I'm not really sure just yet. I actually came to this site to get some direction on which types of fish would be suitable for the tank. Any suggestions?


----------



## Gunn20 (Jun 19, 2010)

yellow labs and acei would be sick if you want to go "formal" but if you want to go "crazy" you can like um yellow labs, peacocks, other mbuna, haps, tangs,victorians but make sure you dont overstock it to much because that will bring problems and make sure when you find your stock list to wait and make sure the stock list you want isnt going to backfire


----------



## Andras (Jul 17, 2010)

Yeah I'm definitely going to take my time when thinking about stocking the tank. Hopefully I don't have too much longer to wait for the tank to finish cycling as ammonia dropped to zero a few days ago, and nitrites are starting for fall. I'm using Seachem Stability to help the process along.


----------



## Gunn20 (Jun 19, 2010)

okay cool when you are done cyclyin post your wanted stock list


----------



## annabie (Jul 20, 2010)

Really nice. I'm just wondering how much money have been spent for that tank?


----------



## Andras (Jul 17, 2010)

Lol!
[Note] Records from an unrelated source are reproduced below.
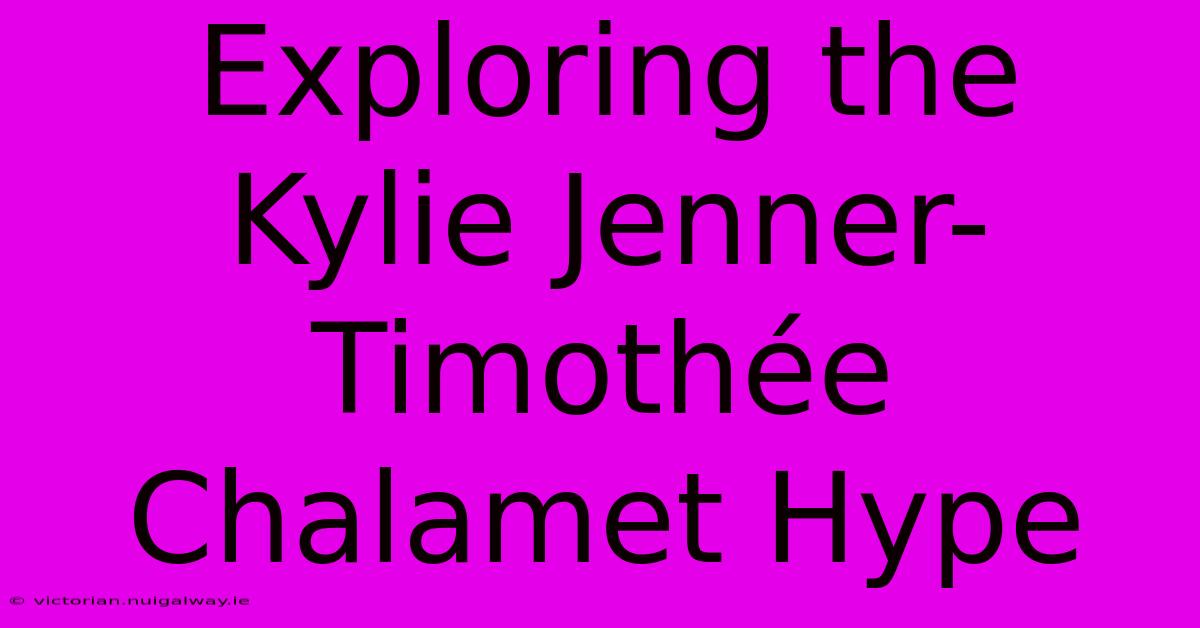 Exploring The Kylie Jenner-Timothée Chalamet Hype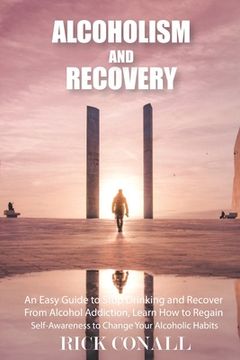 portada Alcoholism and Recovery: An Easy Guide to Stop Drinking and Recover from Alcohol Addiction, Learn How to Regain Self-Awareness to Change your A (en Inglés)
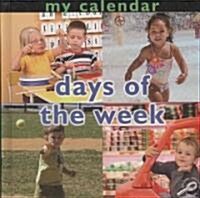 My Calendar: Days of the Week (Library Binding)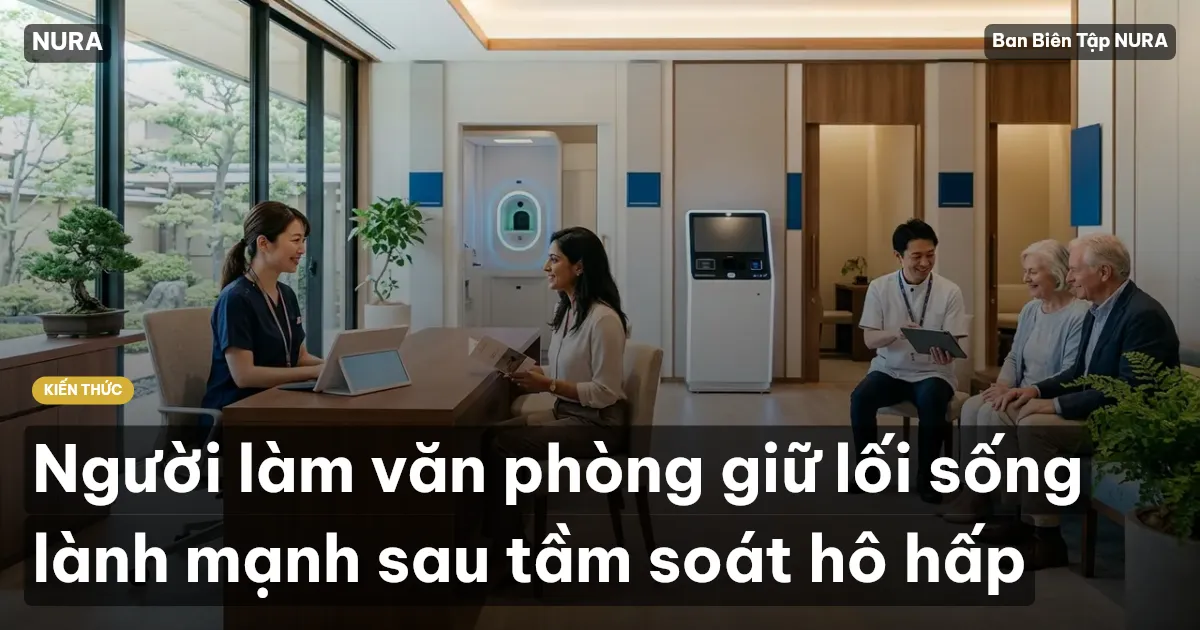 Người làm văn phòng giữ lối sống lành mạnh sau tầm soát hô hấp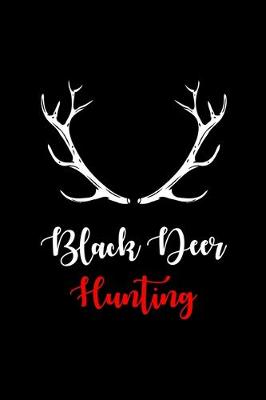 Book cover for Black Deer Hunting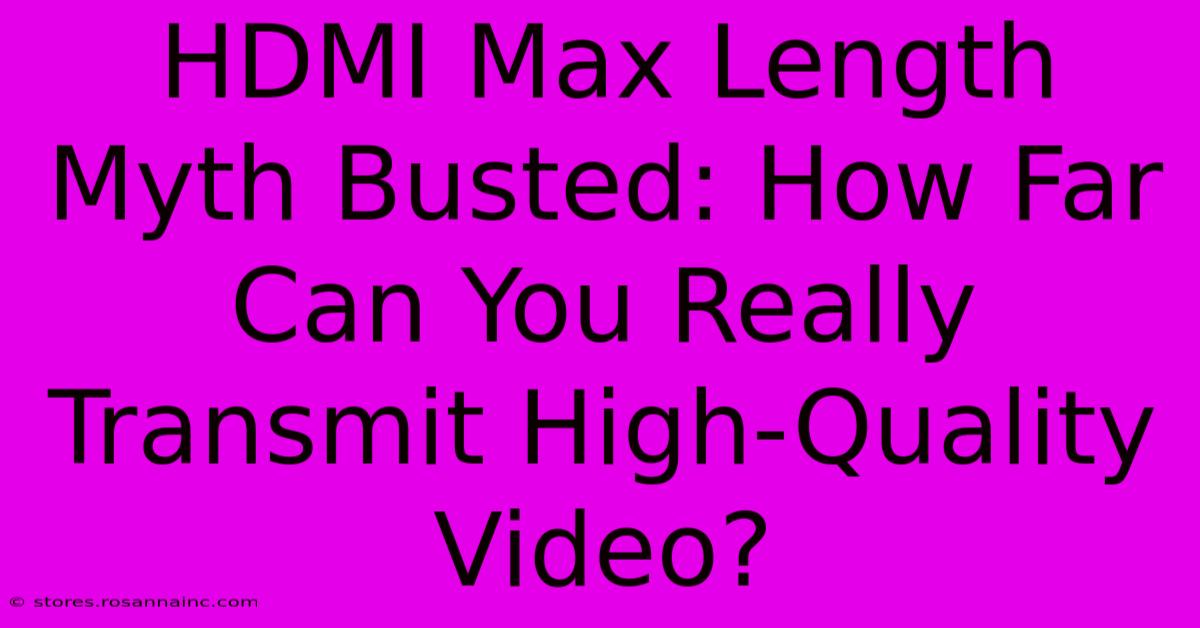 HDMI Max Length Myth Busted: How Far Can You Really Transmit High-Quality Video?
Luckily all of the equipment was bought years ago when it was set up as a high light planted tank(I think everything then set me back about $1700). I won't lie...it was a pretty penny to get that thing going. This time around I've only had to get the rocks, sand, and plants. All of which have cost less than $200. Rocks being the biggest cost because I could not find any landscape supply companies or quarries that had the rocks I wanted, and shipping rocks is expensive. Here are some pics of what the tank used to look like in it's planted days.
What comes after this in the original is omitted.